Year of the Pig: Can China’s Belt and Road Initiative save the world from a mud fight?

5 min
Mahamoud Islam
Mahamoud Islam Senior Economist for Asia
  • Born in late 2013, the Belt and Road Initiative (BRI) is a development and cooperation strategy launched by China. It includes 80+ countries mainly from Asia, Europe and Africa and spans an area accounting for nearly 36% of global GDP, 68% of world population, and 41% of global trade.
  • We expect merchandise trade flows between China and BRI partners to grow by +USD117bn in 2019 (after an estimated +USD158bn in 2018). This and boost global trade by +0.3pp, would add +0.1pp to global GDP in 2019.
  • For China, exports to BRI markets are expected to grow by +USD56bn in 2019 (after +USD76bn in 2018). BRI will support: business internationalization, overcapacity reduction, economic upgrading, RMB internationalization and the reduction of regional imbalances.  Central and Western Chinese provinces will likely be the first direct winners of the project.
  • For partner countries, we see the impact being threefold: a boost in capital (already + 410bn Chinese investment to BRI over 2014-18), a boost in external demand (+USD61bn additional exports to China in 2019) and an improvement in competitiveness thanks to lower transaction costs transportation cost and time of travel, e.g.) and better infrastructure. ASEAN and the Eastern European market are best positioned to take advantage of the project.
  • However, the BRI will not be a walk in the park. Three challenges remain unaddressed:
    • Financial sustainability, given China’s limited financial resources (total non-financial debt at 253% GDP) and only partial control over the inderlying risks in BRI markets (country risk, e.g.). Funding needs are considerable. We estimate that the capital need to fund infrastructure for Asia (excluding China), Europe and Africa combined would amount to USD1.7tn per year.
    • Legal and regulatory risks, given the absence of a uniform regulatory framework among countries with different law regimes (common law, continental law, Islamic law). This creates uncertainty and complexity for trade and cross-border investment.
    • Political risks, as political tensions among BRI members (Saudi-Iran, India-Pakistan), some BRI members with China (India or ASEAN vs China, e.g.), and battles for influence with other superpowers (with the US, EU) hamper partnerships.

Brand, Connect and Finance

Born in late 2013, the Belt and Road Initiative (BRI) is a development and cooperation strategy launched by China which consists of five goals, six corridors under two roads namely (i) the New Silk Road Economic Belt going from China to Europe through Russia and Central Asia and (ii) the 21st Century Maritime Road running west towards Europe through South Asia and Southwest Africa (see Figure 1). The objective is to promote development through greater cooperation on matters such as trade, financing, investment and culture along Belt and Road routes.

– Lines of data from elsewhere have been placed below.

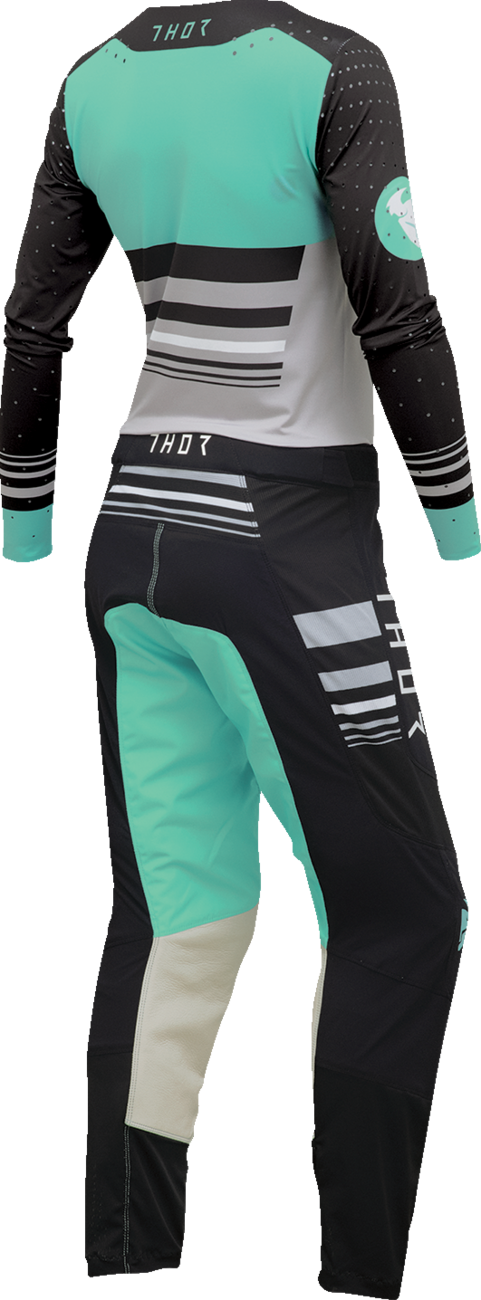 THOR Women's Prime Blaze Jersey - Black/Mint - Large 2911-0281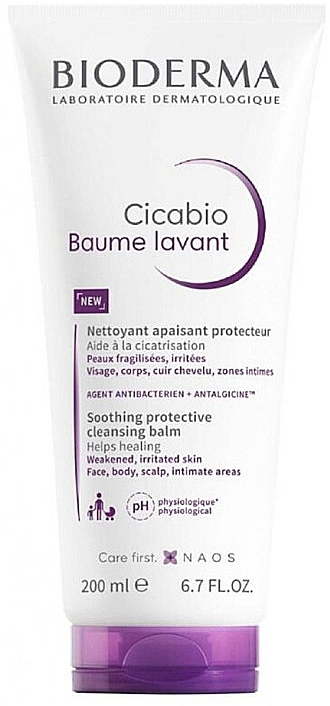 Очищающий бальзам для лица и тела - Bioderma Cicabio Soothing Protective Cleansing Balm  — фото N1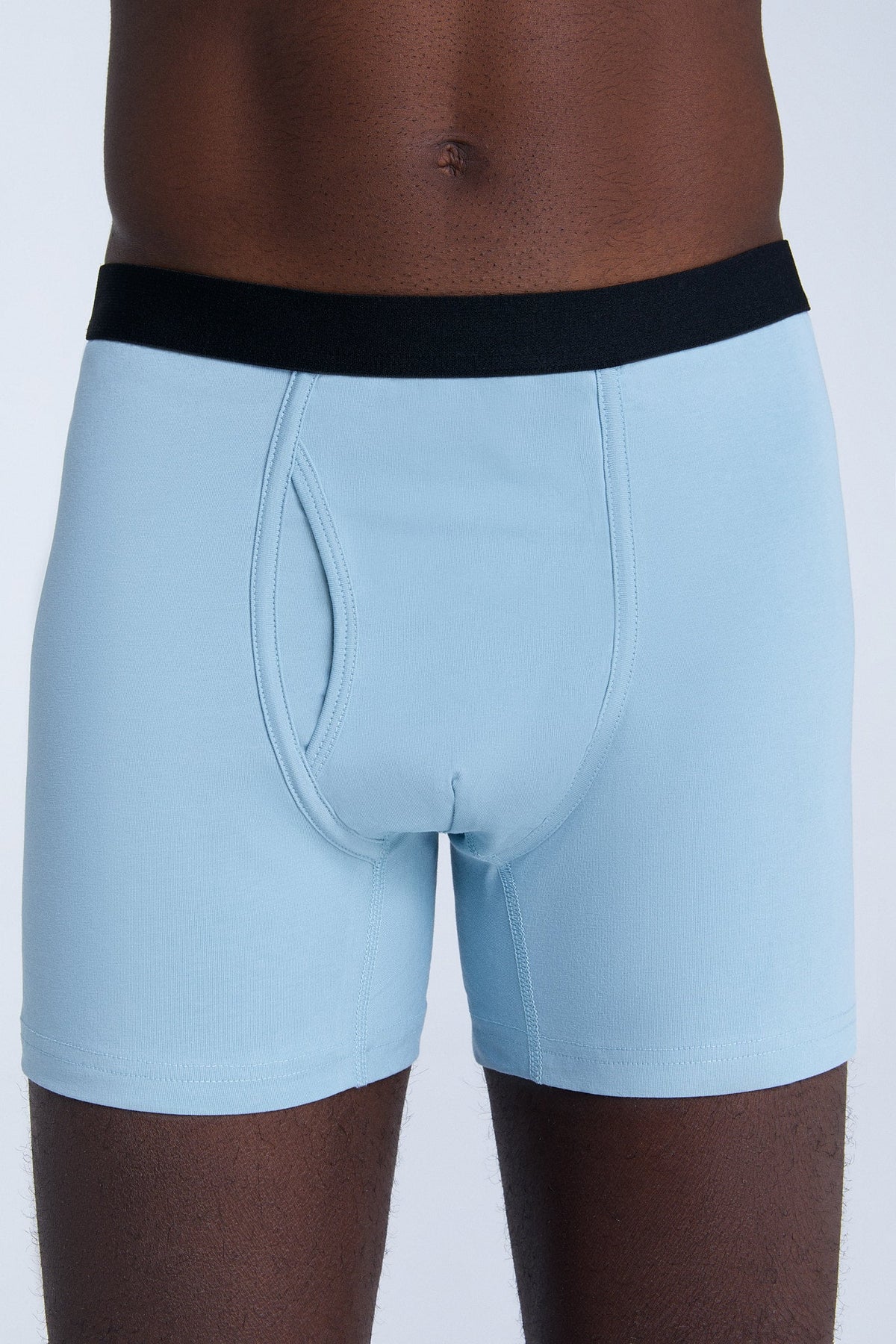 Men's Boxer Shorts, Grey Blue — Albero Natur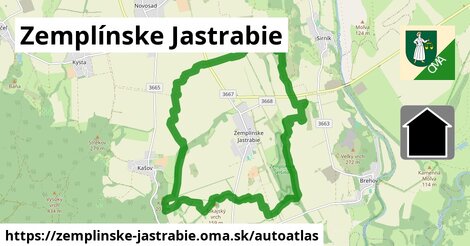 ulice v Zemplínske Jastrabie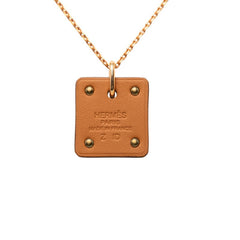 エルメス アスドゥクールPM ネックレス ゴールド マルチカラー メッキ ヴォースイフト レディース HERMES 【中古】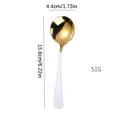 thumbnail image 2 of 1X Platinum Spoon Clearance! 6.2 Inch Length Stainless Steel Spoons Portable Handle Soup Spoons Tableware, 2 of 3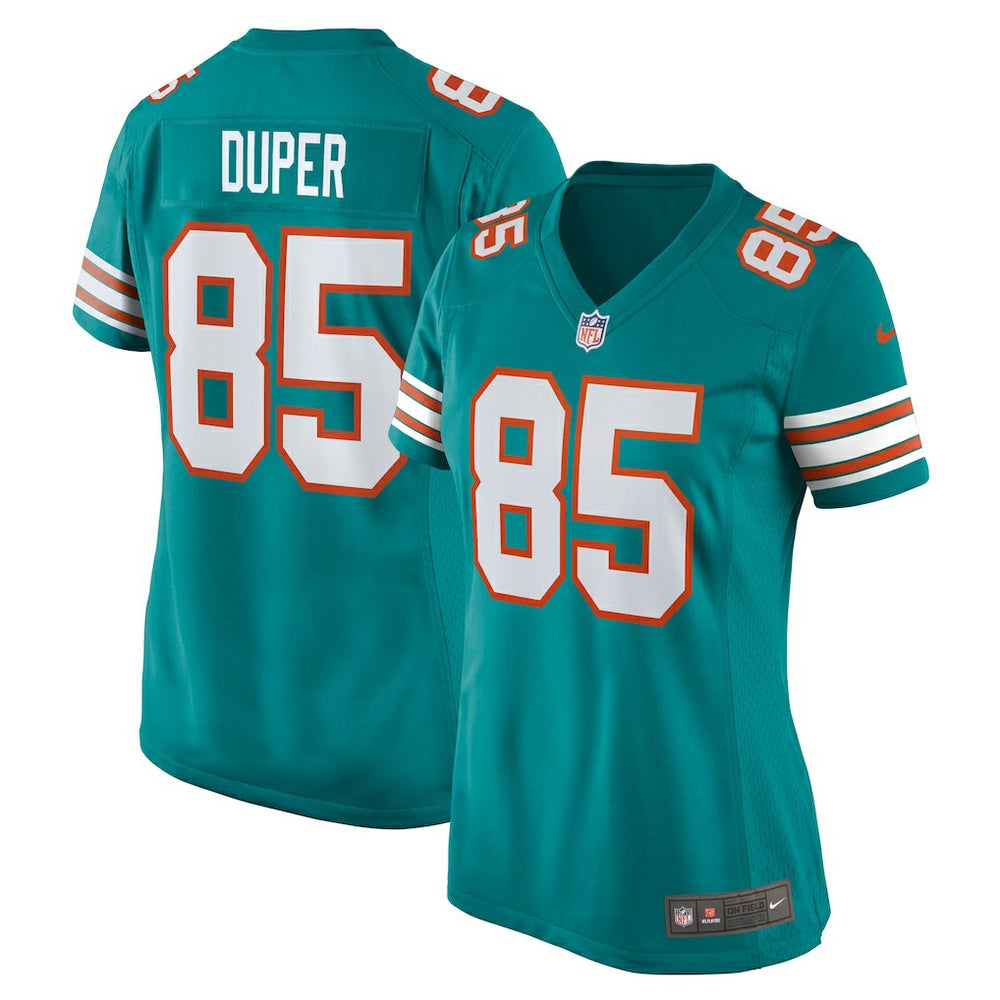 Mark Duper Miami Dolphins Women's Retired Player Jersey - Aqua Jerseys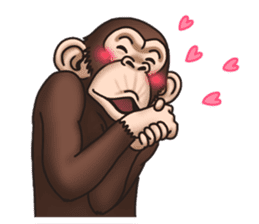 Crazy Funky Monkey sticker #9211019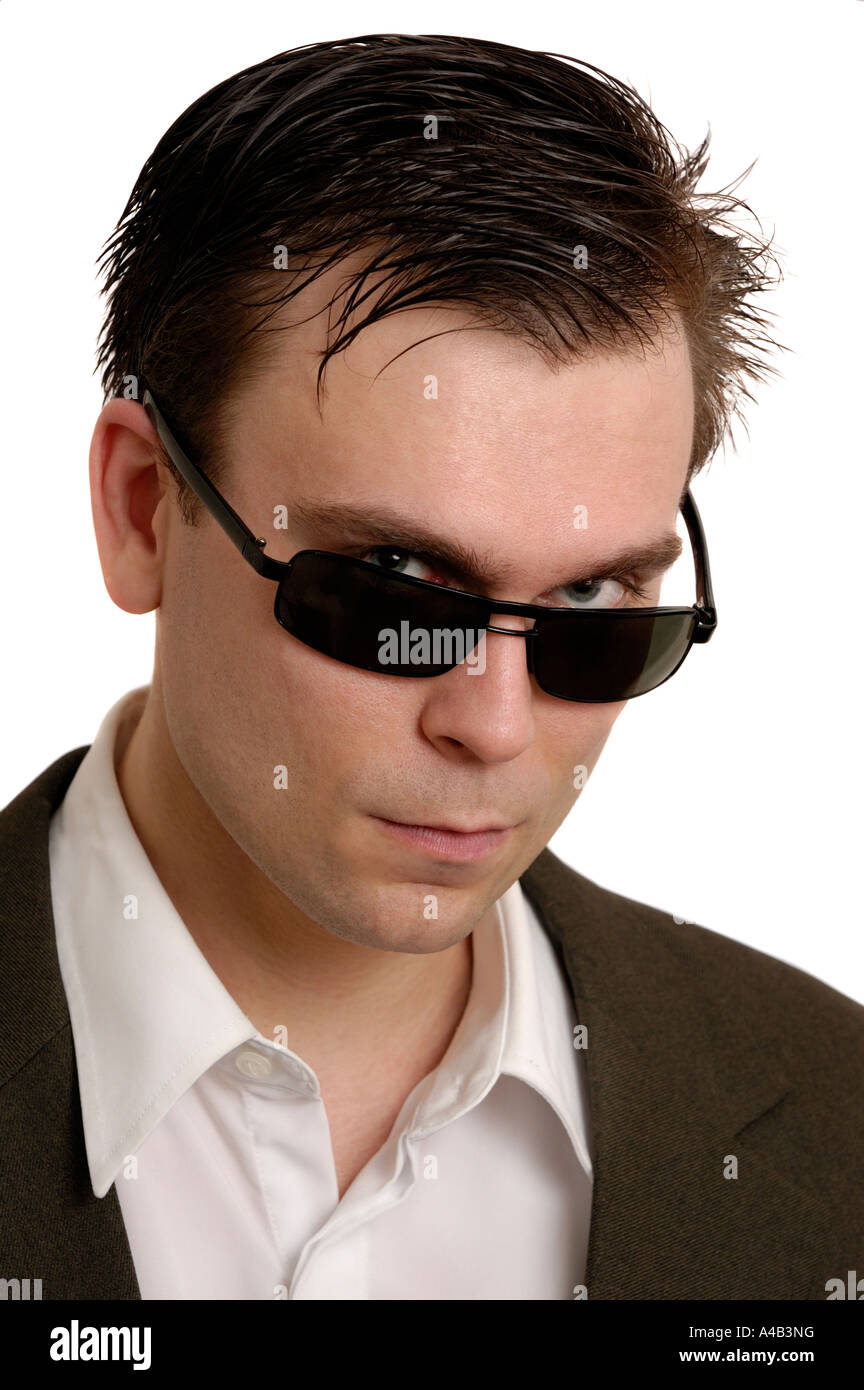 Man in black sunglasses Stock Photo - Alamy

At the core of the project lies a large infrastructure investment program to improve connectivity across Asia, Africa and Europe.  The initiative gathers 80+ countries which represent nearly 36% of global GDP, 68% of world population, 41% of global trade and 46% of global savings.  It represents 10 Marshall Plans and is an essential piece of China’s future growth opportunities and release of debt overhang. On top of passive financial liberalization, China decided to take the bull by the horns by creating a unique platform (massively financed and structured) to uberize trade and trade financing from the South East Asian economies all the way to Europe. This is an all-inclusive approach that neither the US, nor Europe have dared to push for, and position China as a major actor in the future of global trade and internationalization.

Perceived as a pipe dream in the beginning, the project gained a lot of stature over the past five years for three reasons: China continues to develop as a global economic and political superpower; Belt and Road projects become concrete; and China expands its financial capabilities to support the initiatives (with the support from Asian Infrastructure Investment Bank, New Development Bank, e.g.). We estimate that the amount invested by China Development Bank, Exim Bank, the Silk Road Fund, the AIIB and the New Development Bank so far has reached USD460bn in 2018.

The project is of critical importance for China.  First, it is a branding strategy for Chinese foreign policy. It is a marketing tool which aims at improving China’s brand equity and soft power. It is a label applied to a wide a range of project and it is now clearly identified as China’s proposition to strengthen globalization. Second, it is a medium to help corporates connect to other markets through both trade and investment. Last, it is a framework for financial resources allocation while the country advances on financial liberalization. It provides a plan for Chinese investors by identifying specific countries and projects (telecommunication, energy infrastructure, e.g.) that should get their attention but also a means to internationalize the RMB as a currency of choice. 

The Belt and Road Initiative: +USD117bn to make in 2019

Based on our import needs expectations, we calculated trade gains for Belt and Road markets. Merchandise trade flows between China and BRI partners could grow by +117bn in 2019 (after an estimated +USD158bn in 2018). Thisshould boost global trade by +0.4pp in 2018 and +0.3pp in 2019 and would add +0.2pp and +0.1pp to global GDP respectively.

In China specifically, exports to BRI partners could increase by +USD56bn in 2019 (after +USD76bn in 2018). Top destinations include South Korea, ASEAN, India and Russia. For mature markets such as South Korea and Singapore, better export market penetration from Chinese corporates would reflect improved trade relations and competitive advantages especially on high tech products. In ASEAN and India, mainland companies are expected to benefit from a strong growth in domestic demand. In Russia, the main driver will be diversion as Western sanctions force Russian corporates to look for other suppliers.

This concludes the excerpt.